The second is more of an observation than a problem with the recipe. When you add the broth to the bowl, the bread turns soft and broth soaked rather quickly. I liked the texture of the mushy bread. It gave the soup a little more body. If you don’t expect a crunchy crouton kind of experience, then you won’t be disappointed.
I was surprised at how much flavor this recipe actually had given the few ingredients that it contains. It really has a lot of depth to it. A pleasant surprise.
When we finished slurping, all of my tasters agreed that this would make an excellent first course for a roast chicken dinner. Nice and light, but, more than enough taste to carry the dish.
We know that the recipe turns out fine. Now, what about the app itself. Here’s how it all breaks down.
The app runs great. The search feature usually turns up a good amount of recipe options. Each of the recipes is broken down nicely into sections. An overview, ingredients list and the steps themselves. If there is a timing element (which of course there is in most recipes), then a handy link lets you use the timer in the app without setting another external one. That’s nice.

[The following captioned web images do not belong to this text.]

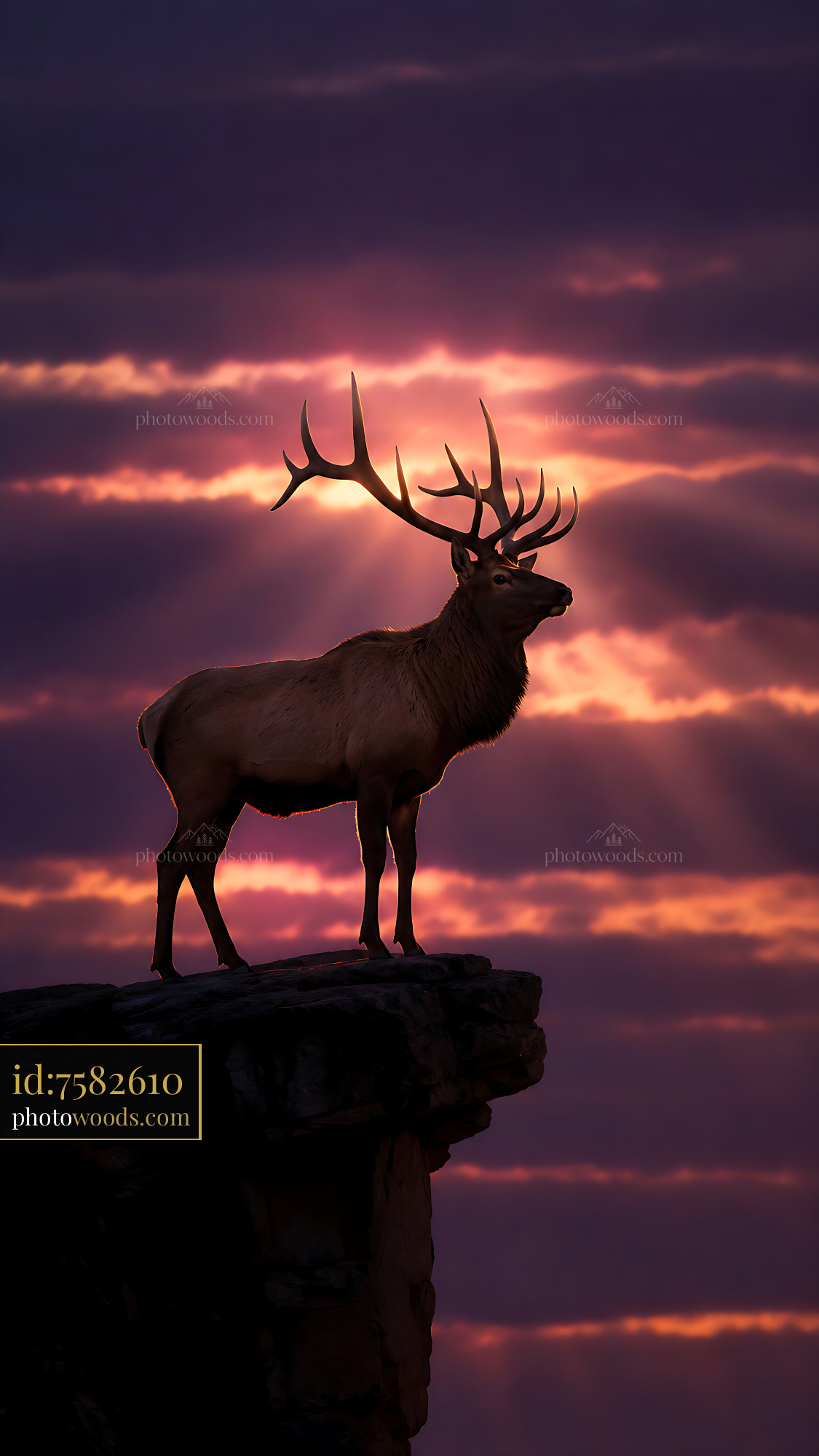 Elk Stands on a Rock Edge Against a Colorful Sunset Background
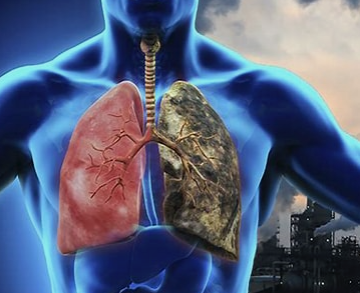 How Air Pollution Damages Your Lungs
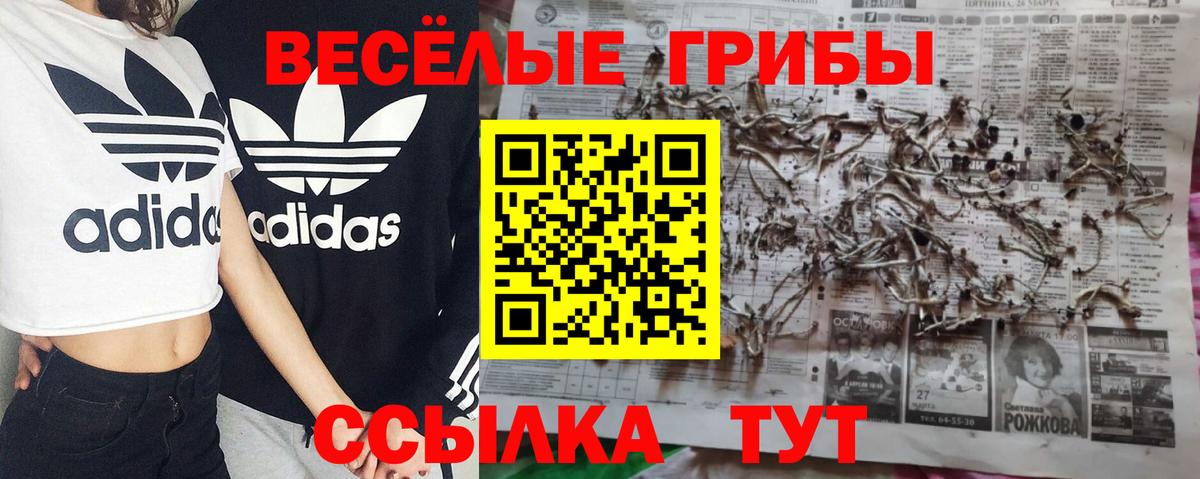 Галлюциногенные грибы прущие грибы  Псилоцибиновые грибы мухоморы  Кимры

You can save your favorite recipes. I love the grocery list function. You can add in all of the ingredients for your recipe with the touch of a button. You can then sort that list by store aisle or alphabetically. I have to say that it’s surprisingly useful. I’m pretty much of a pencil and paper guy when it comes to my shopping list, but, who knows, this might change me.
The Bottom Line
How To Cook Everything, the iPhone/iPad version isn’t a substitute for Mark’s fantastic in print book. But, if you just want to whip out your phone, do a quick search and make a great meal, then this app will do that and even a little more. The app runs $4.99 which is on the high side for iPhone apps. Now, I’m not saying it’s not worth five bucks, but, a lot of folks are used to 99 cents or free. My advice to you, pony up the fin and get cooking.